Each experiment consist of:
- random splitting the dataset of the pattern into a training and a testing subsets (80% of the alarms for the training and 20% for the testing),
- performing the training of the RFA,
- computing the confusion matrix on the testing set,
- computing the RISK and WORK as described in the previous post.
Since the alarms in the training and testing dataset are randomly chosen, results are different for each experiment. Repetitions were made to test the robustness of the method regarding changes of the inputs and to assess the RFA’s ability to generalize.
In the above charts we have also marked with a green triangle the average of the 100 experiments for each pattern. In what follows we will refer to this value as the average result for each pattern, for example, the LDG has an average RISK about 0.5 and average work about 550.
These results are presented for an overall set of 30’000 alarms.
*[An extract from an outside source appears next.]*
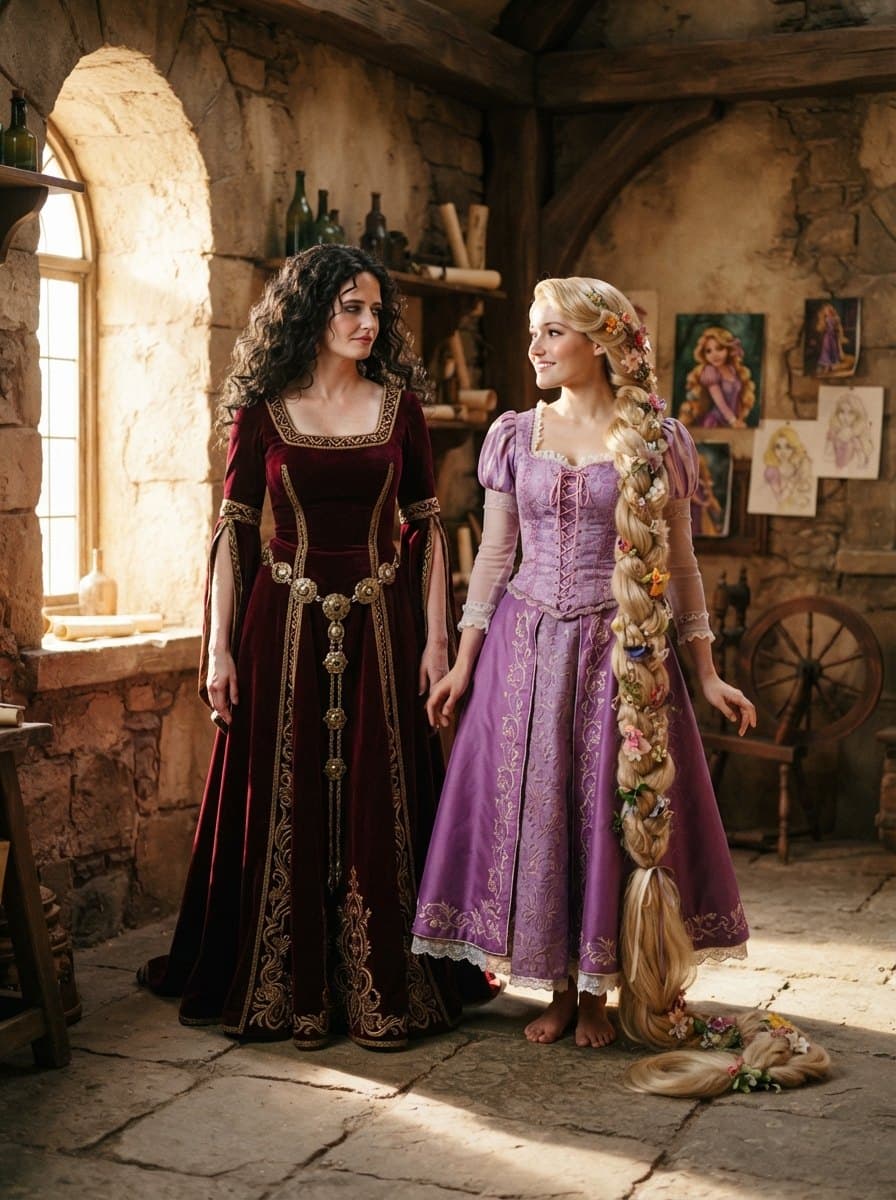 Rapunzel and Mother Gothel costume — example look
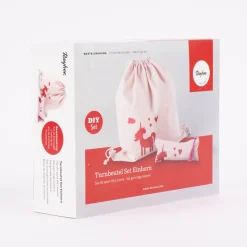 Rayher Turnbeutel Federmäppchen Einhorn rosa DIY-Set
This number is because of the average number of alarms that the MAD System is generating for the primary tier one Italian Bank in one month. It is the work that the compliance officer of this bank is doing in one month without the support of the ML.
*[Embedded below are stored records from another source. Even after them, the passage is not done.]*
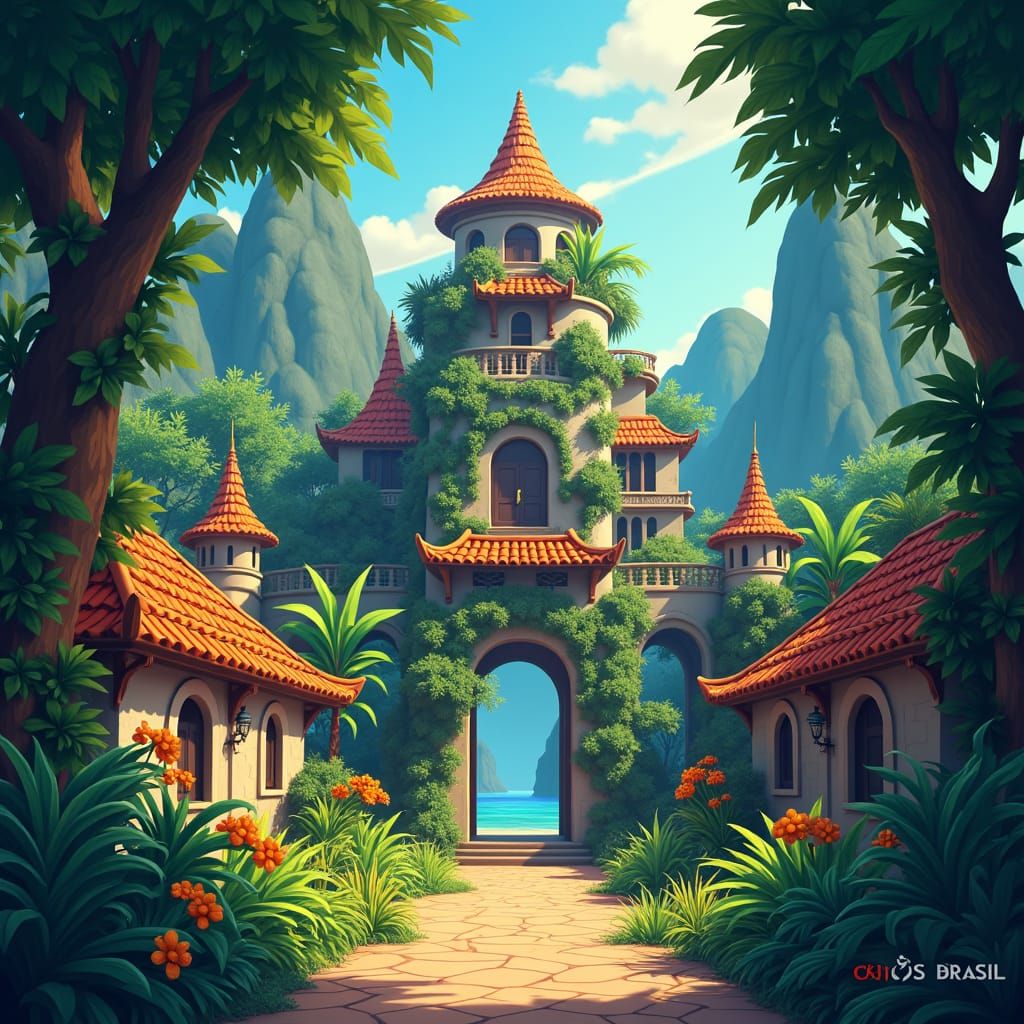 Brazilian Gaming Banner with Mystical Architecture in Digita...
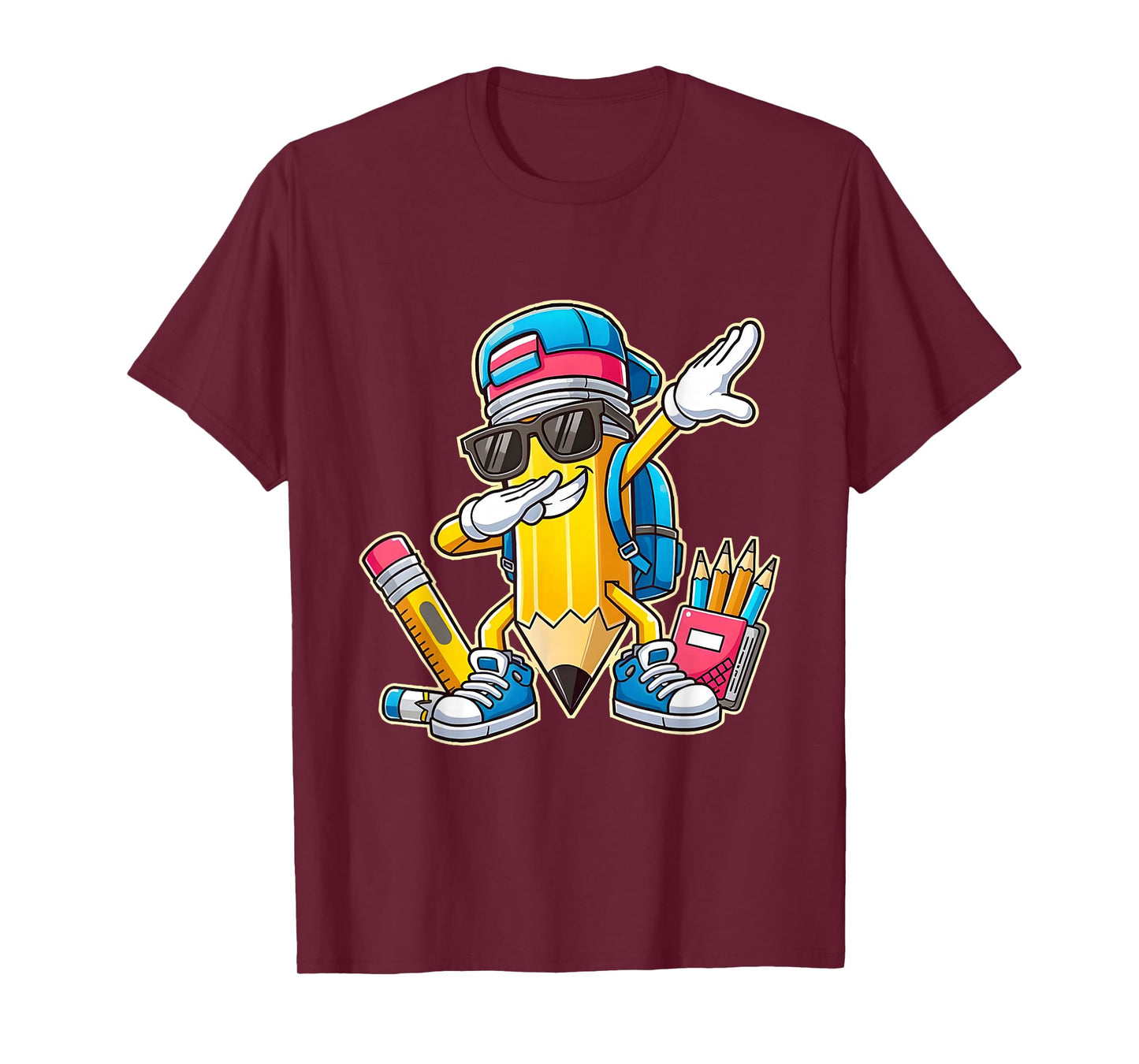 Dabbing Pencil Dancing Back to School Funny Students Boys T-Shirt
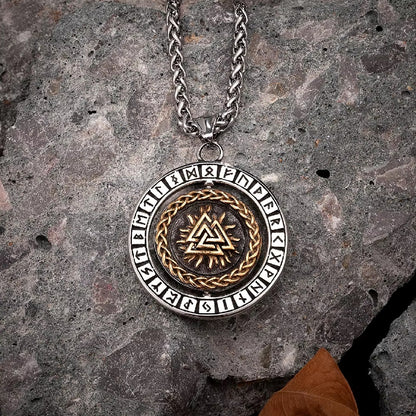 Viking Rotating Compass Necklace Double-Sided Triangular Pendant Norse Runes Odin Amulet Scandinavian Jewelry for Men.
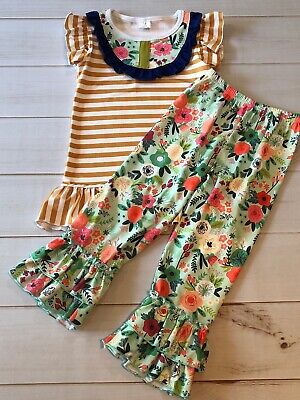 Girls Boutique Ruffled Tunic & Pants Set, Floral & Stripes, Adorable! NEW! 6 YR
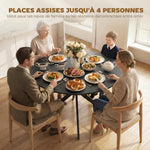 Table à Manger Ronde pour 4 Personnes 100 cm, Style Industriel avec Plateau Aspect Bois, Piètement Croisé en Acier, Noir
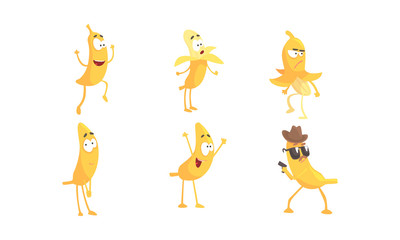 Cartoon Banana Character Doing Various Things Vector Set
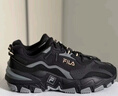斐樂(lè )（FILA）男女同款跑步鞋舒適輕便慢跑透氣休閑運動(dòng)鞋百搭掠奪者情侶鞋 黑/中灰-BM【男款】 43 曬單實(shí)拍圖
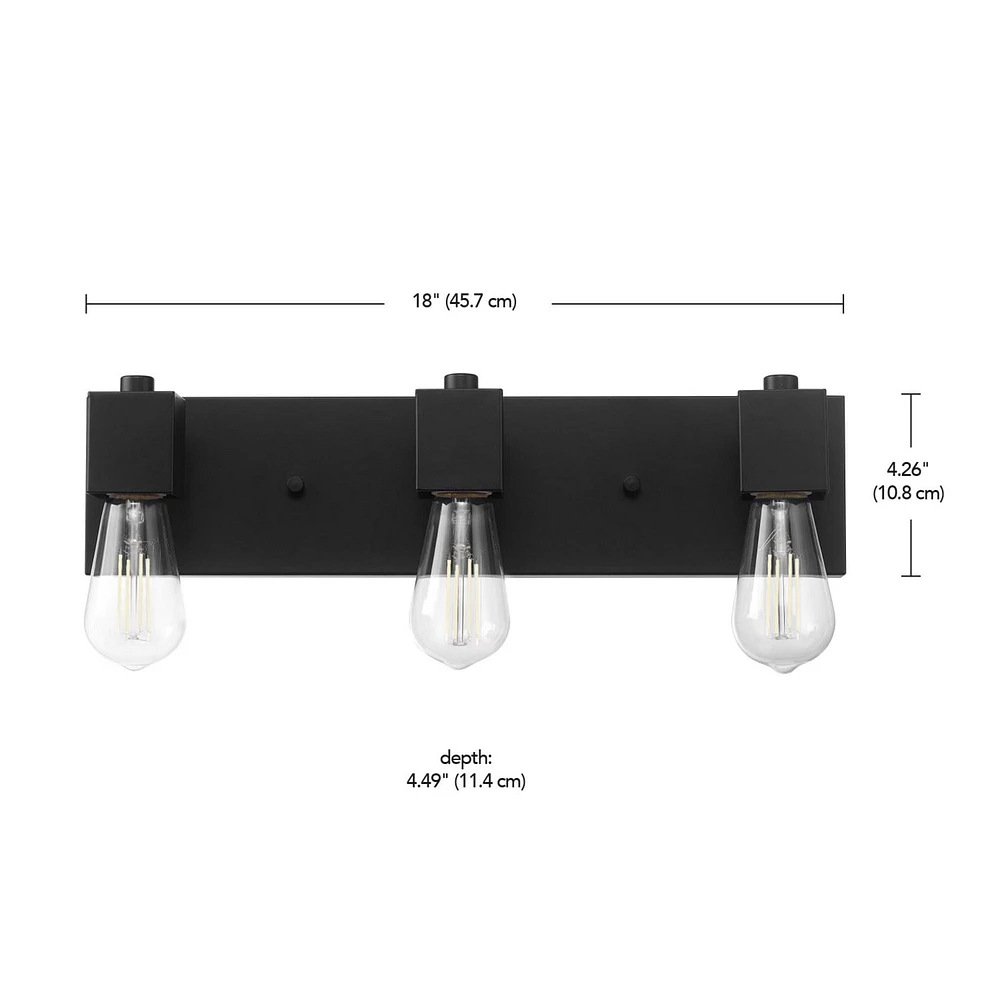 18" 3-Light Matte Black Vanity Light, 63000018, 3-Light Vanity Light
If we sum the average results for all the pattern, we obtain that the total residual WORK that the bank will face with the support of the ML will be 2’593 alarms. It worth to be clear here: it means that with the support of ML the number of alarms would be reduced from 30’000 to 2’593! More than 90% of work saved!
What is the RISK instead? Summing the average RISK for all the patterns we obtain 10.5. It means that in one month, allowing the ML to close automatically the alarms the compliance officer risks missing about 10 market abuse to the regulator. This value it may seem high, but if you look carefully the charts you may notice that almost all the risk is due by the “Insider Trading” and the “Painting the Tape” patterns. They bring together five of 10 of the RISK.
We are still investigating why these two patterns perform worse than the others. It may be due to the intrinsic complexity that discovering these kinds of abuse brings. More likely the difficulty lies in the fact that the alarm message, that we used to generate the dataset, is not rich enough to provide all the relevant information needed to take a decision about the alarm. We are looking for other relevant information that would be worth adding to the dataset.
For some of the patterns the ML perform very well. Take for instance the “Pair Crossed Trades”, which is involved in a relevant part of the generated alarms (about 12.7%). The WORK and the RISK are almost zero, meaning that the ML will be able to do all the job by itself. The compliance officer will have nothing to do again on this pattern!
Conclusion
This kind of approach based on ML to close automatically the false positive alarms, generate by a MAD System, seems to be promising, especially for some of the most frequent patterns.
Obviously, since it is a supervised learning approach, it requires that the past work of the compliance officer is present, therefore she has to spend a sufficient time and effort on the alarms classification. We cannot go to a newly opened office and tell: “OK we can solve your problem with ML!”. It requires that the people of the office put their efforts for a time that is sufficient to collect a dataset large enough to train the ML algo. The good news is that the RISK and WORK metrics allow to assess the RFA at any moment, being able to make confident judgments about whether the ML algo is ready for production.
We also evaluated the ‘transfer learning approach’. It consists in training the algo on the dataset of a Bank1 and then supply the Bank2, the one with the newly set up office, with an already-trained-RFA.
In our experiment we tested how the RFAs, for which we presented the results in this post, would behave if called to classify alarms generated by a different bank. To this end, we collected alarms of another tier one European Bank, but we found that the RFAs don’t perform well. The point seems to be that the compliance officers are using different criteria for the classification: the RFA that has learned to classify according to the methods of the first bank is in fact not able to classify the alarms of the second bank. The inspection of a trained RFA allows to see this evidence: the ‘feature importance’ of, for example, the LDG pattern for the two banks shows a different ranking of the features implied in the alarm messages.
We can conclude here this series of post. We have shown how the ML approach can be promising to solve the problem of false positives alarms in market abuse detection for a compliance officer with a past story of activity in this task. We showed how much work could be saved by adopting ML at the expense of a minimum risk for almost all the patterns.